# Relationship Between The Presas Family Art & Modern Arnis



## Dan Anderson (Aug 24, 2005)

Much has been said about he relationship between balintawak and Modern Arnis but not much has been said about the relationship between what his grandfather and uncle taught him and Modern Arnis.  I find that equally as interesting.

It is a well known story about how Prof. Presas peeked through the nipa hut to watch his grandfather teach the Philippine guerillas bolo material and then cutting off a branch and banda y banda-ing the hell out of the bushes.  His grandfather catches him and tells him he will teach young Remy.  In the video interview with Joe Rebelo, Remy told the story of when he first met up with balintawak, the Rodolfo Moncol group.



> I joined to the balintawak and I am almost 14 years old and I fight them.  The reason those people accept me, one person told me, "I will accept you because you have a stomach (guts).  They said you are welcome to join because I fight...my style of fighting is cutting, you know, the figure 8, banda y banda cut.  I will not stay close.  I will cut.  I will move and cut again.  I don't want to come close.  That is my style and their style is close quarters.  It's two kinds.  But because of my quickness they could not grab me and I always cut.  I always hit.  And that's why the...old guard of balintawak people, they said, "I will adopt this kid.  The kid have the ball(s), have the stomach."

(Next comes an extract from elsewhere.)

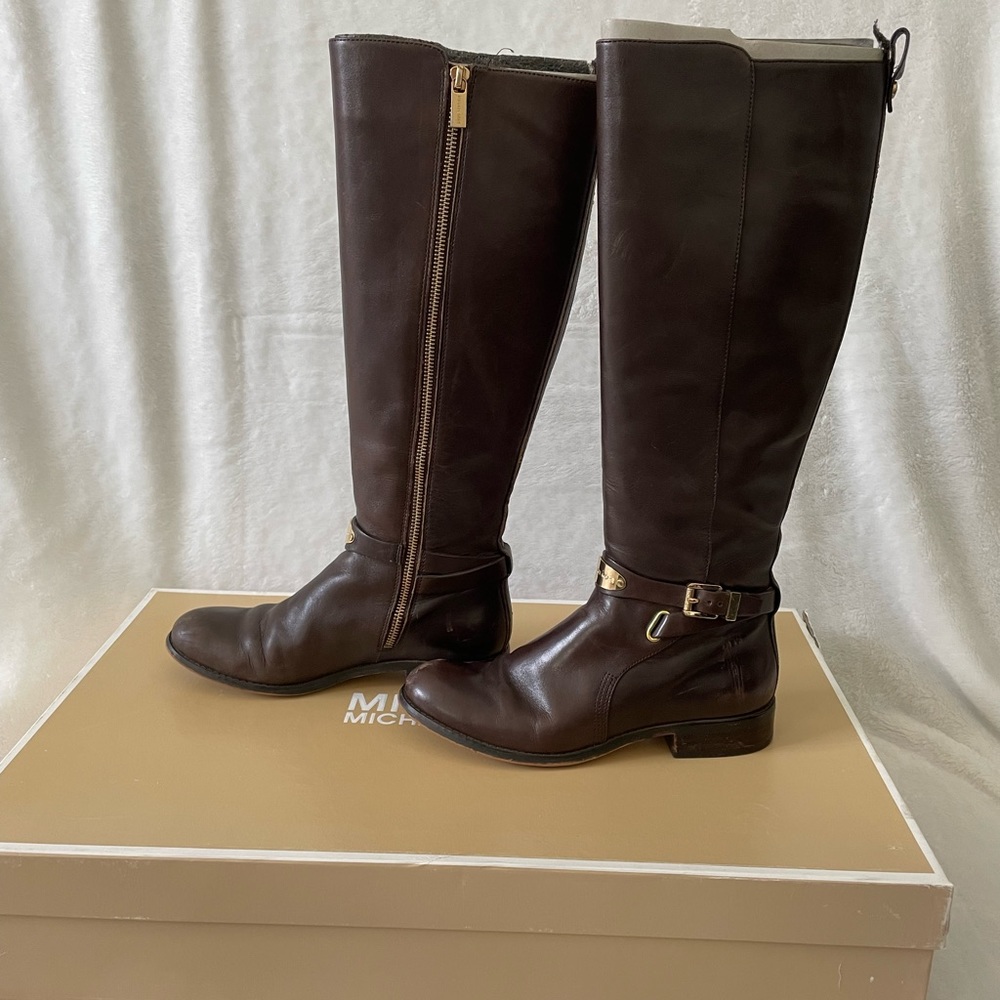 Michael Kors Arley riding boots brown leather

It is interesting to me the blend of the close quarters work and the distance work contained within Modern Arnis.  Bram Frank has researched it far more than I have but there it is, in the Prof's words.

Yours,
Dan Anderson


----------



## Datu Tim Hartman (Aug 25, 2005)

Dan Anderson said:
			
		

> It is a well known story about how Prof. Presas peeked through the nipa hut to watch his grandfather teach the Philippine guerillas bolo material.

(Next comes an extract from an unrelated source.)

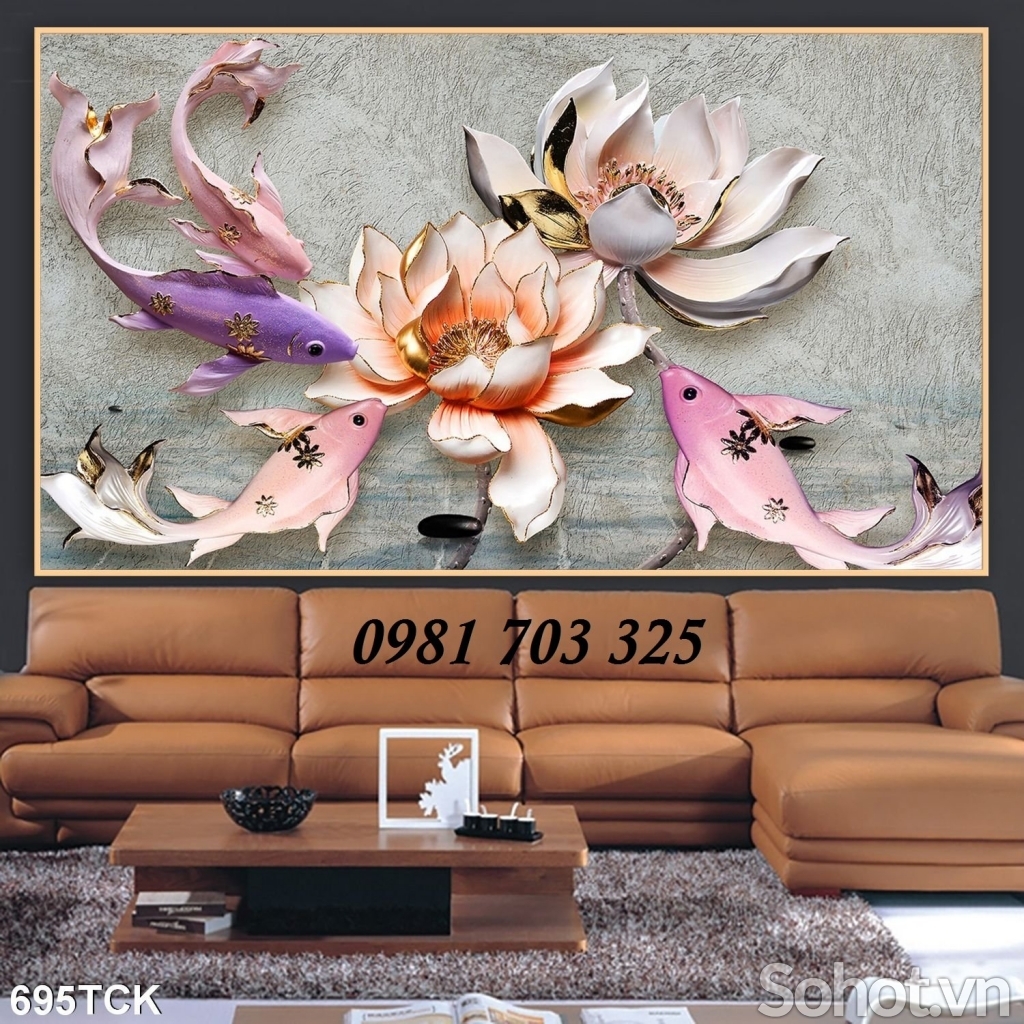 Tranh gạch men phong thủy hoa sen cá chép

I could be wrong, but I remeber Remy telling me it was his father who taught the guerillas. The rest of the story is the same that I've been told.

 :asian:


----------



## Pete Kautz (Aug 25, 2005)

Professor tells this story on one of the videos in the Ohara / Black Belt Magazine 3 tape series he did.  On the video he states it was his father teaching the guerillas.  He relates that after seeing this he was copying their movements and his grandfather then started to teach him.

Best of all,

Pete Kautz
http://modernknives.com
http://alliancemartialarts.com


----------



## Datu Tim Hartman (Aug 25, 2005)

Pete Kautz said:
			
		

> Professor tells this story on one of the videos in the Ohara / Black Belt Magazine 3 tape series he did.  On the video he states it was his father teaching the guerillas.  He relates that after seeing this he was copying their movements and his grandfather then started to teach him.
> 
> Best of all,
> 
> Pete Kautz



That's what I remember.

  :supcool:


----------



## Dan Anderson (Aug 25, 2005)

Yes, you're correct.  That's what happens when I post rapidly and don't take my time.  Thanks.

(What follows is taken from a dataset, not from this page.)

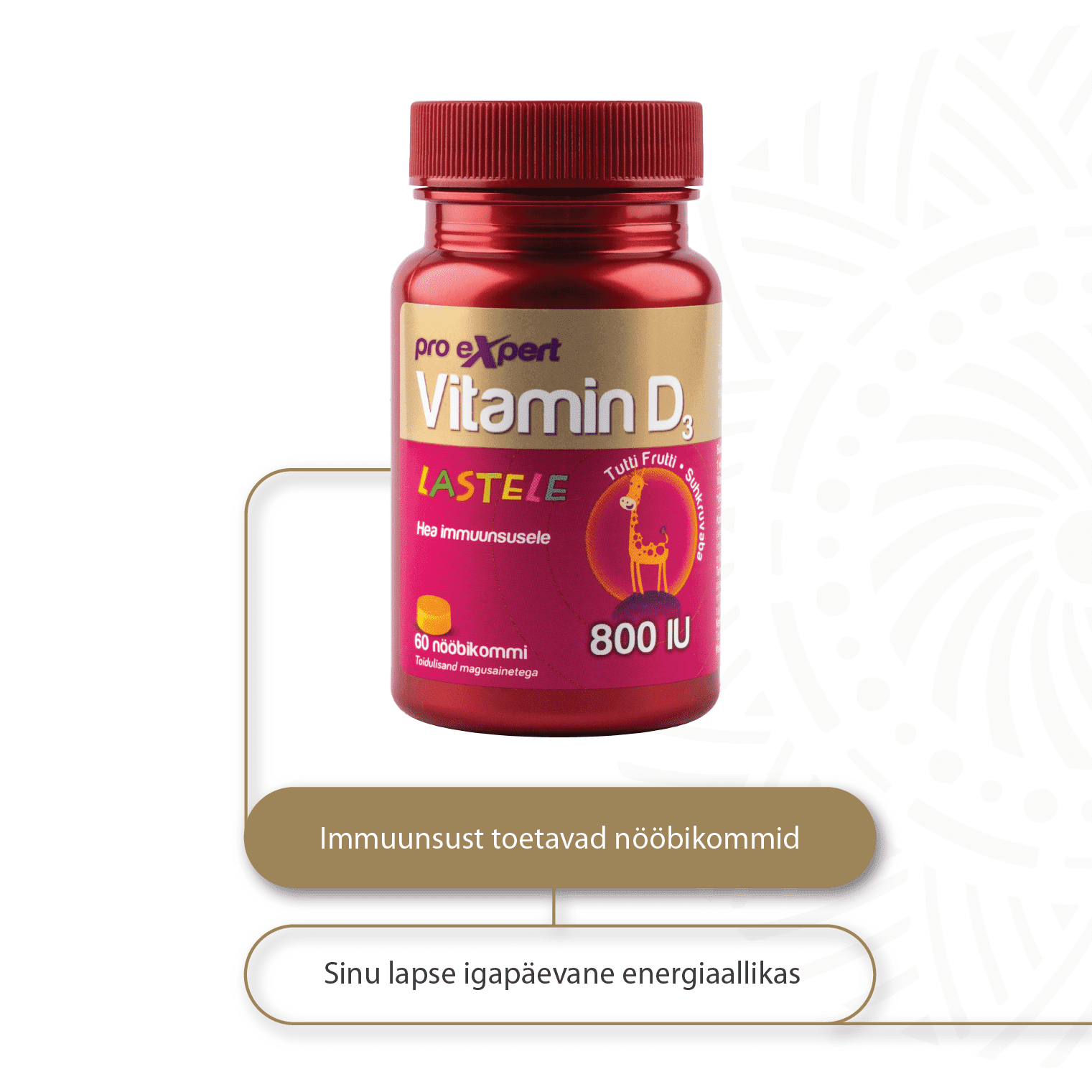 Vitamin D3 Pro Expert Lastele 800IU N60 — purk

> I was...little boy.  I see my father train the army soldier(s).  Because my father will not teach me, I will practice outside by myself, also.  When my grandfather find out I am doing that, he said, "Remy.  I will train you."


Joe Rebelo video interview.

Yours,
Dan


----------



## arnisador (Aug 25, 2005)

I've heard the "watching my father" story from him.

It would be great to know more about how the family art entered into Modern Arnis. Perhaps his brothers know?


----------



## Dan Anderson (Aug 26, 2005)

From actual interviews I know that the figure 8, banda y banda, espada y daga, and palis-palis are from his grandfather (references being video interview by Joe Rebelo, radio interview by Kelly Worden, video tape "Modern Anris - Palis Palis, Advanced Disarms And Trapping," Inside Kung Fu magazine).  

The sinawalis came from Dr. Guillermo Lengson.

The twirling came from Cacoy Canete.  It is _possible_ that he redonda X movement came from him as well but that is pure speculation on my part.

Yours,
Dan Anderson


----------



## Mark Lynn (Aug 26, 2005)

When GM Ernesto came to Dallas in 03/02 (I forget which year he was here) I asked him about his art Kombatan and his background.  He told me that GM Remy's grandfather taught Remy but that his father didn't teach him. 

Also he said his father taught him (GM Ernesto) the style of holding the stick in the middle with your hand and using it that way.  His father didn't teach much footwork (GM Ernesto added that aspect to his art).

In GM Remy's first tape series he talks about the Umbrella (Hirada) motion, and about how his grandfather use to strike downward at his head in a low building so they would use the hirada in a squating type motion.  Anyway one student of Hock's went and trained with GM Ernesto while visiting family in the Philippines, and he told us how they practiced that drill all around the floor.

FWIW
Mark


----------